━━ Dataset entries ━━
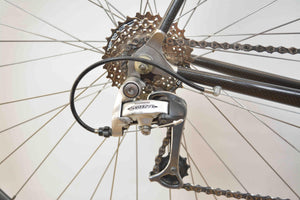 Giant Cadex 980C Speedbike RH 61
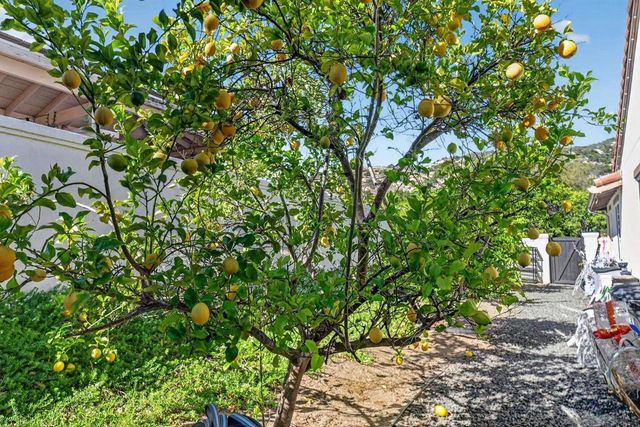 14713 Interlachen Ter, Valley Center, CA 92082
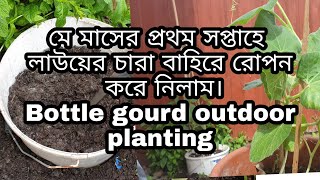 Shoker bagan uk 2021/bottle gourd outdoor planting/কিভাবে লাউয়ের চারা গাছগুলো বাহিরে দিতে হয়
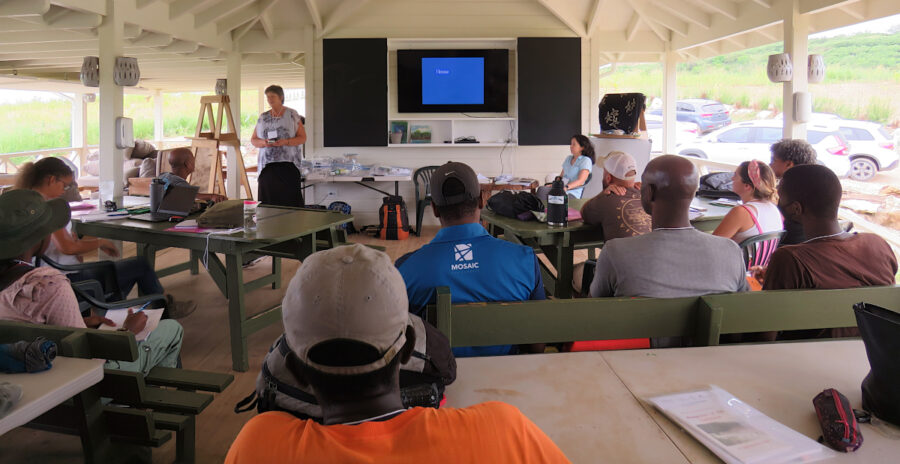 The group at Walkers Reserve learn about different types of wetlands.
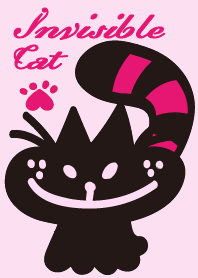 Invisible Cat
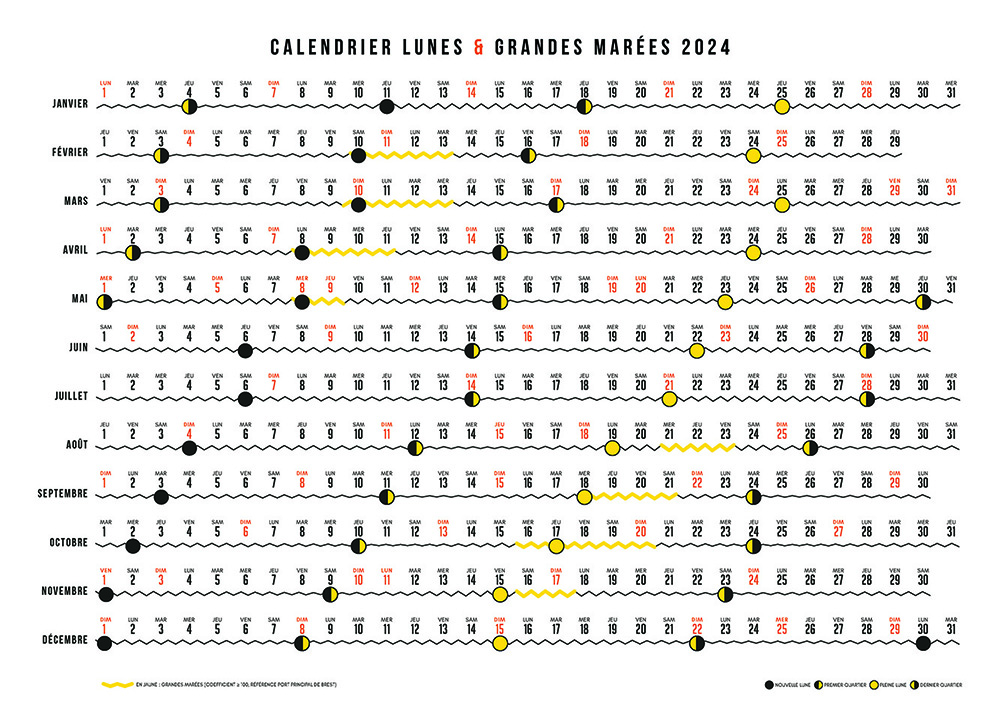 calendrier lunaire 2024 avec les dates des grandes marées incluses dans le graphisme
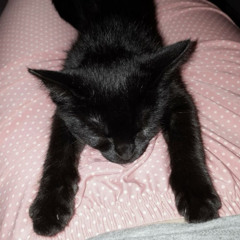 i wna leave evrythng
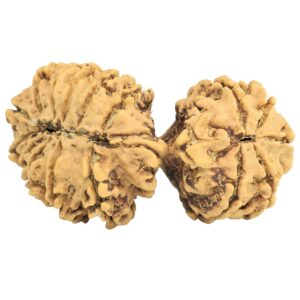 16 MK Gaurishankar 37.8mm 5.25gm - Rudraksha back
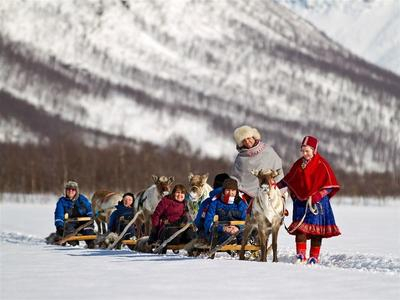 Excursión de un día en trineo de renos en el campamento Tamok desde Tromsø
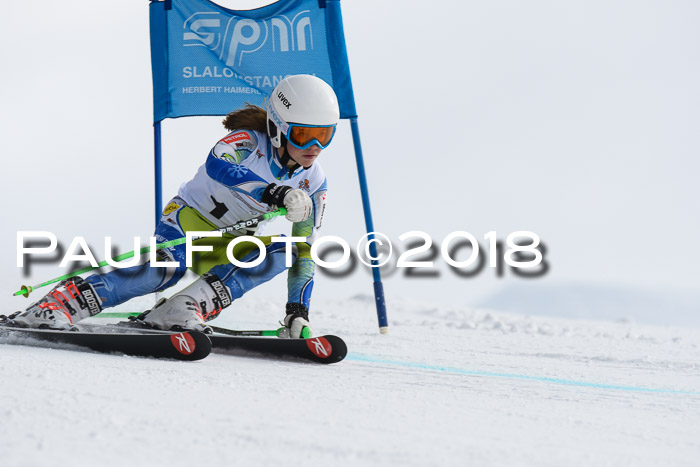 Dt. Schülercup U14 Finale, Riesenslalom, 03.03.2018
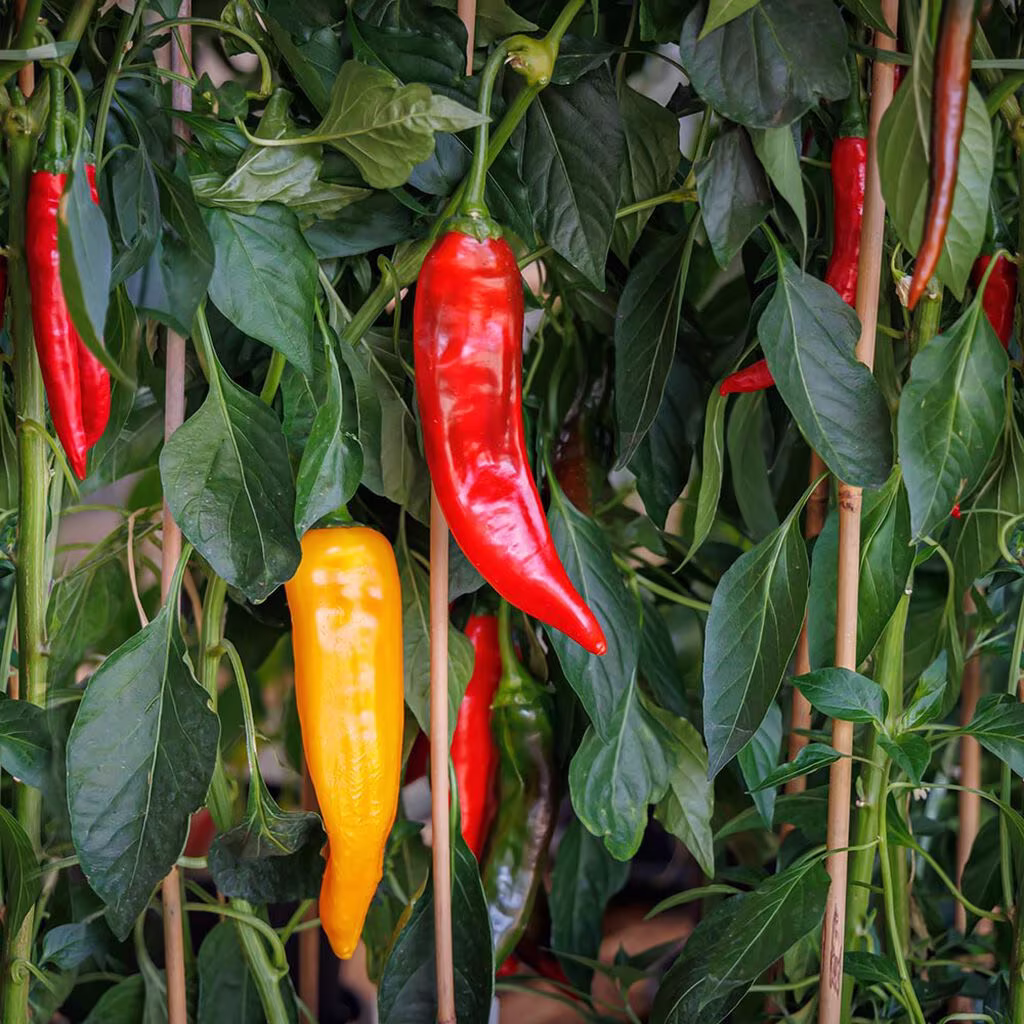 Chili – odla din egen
━━━
:: The task ::
Repeat exactly the lines from the one holding "calendrier lunaire 2024" through the last line of the entries, both included; the pictures do not belong in the copy.

:: Completed task ::
 calendrier lunaire 2024 avec les dates des grandes marées incluses dans le graphisme
 i wna leave evrythng
 16 MK Gaurishankar 37.8mm 5.25gm - Rudraksha back
 Excursión de un día en trineo de renos en el campamento Tamok desde Tromsø
 Dt. Schülercup U14 Finale, Riesenslalom, 03.03.2018
 Chili – odla din egen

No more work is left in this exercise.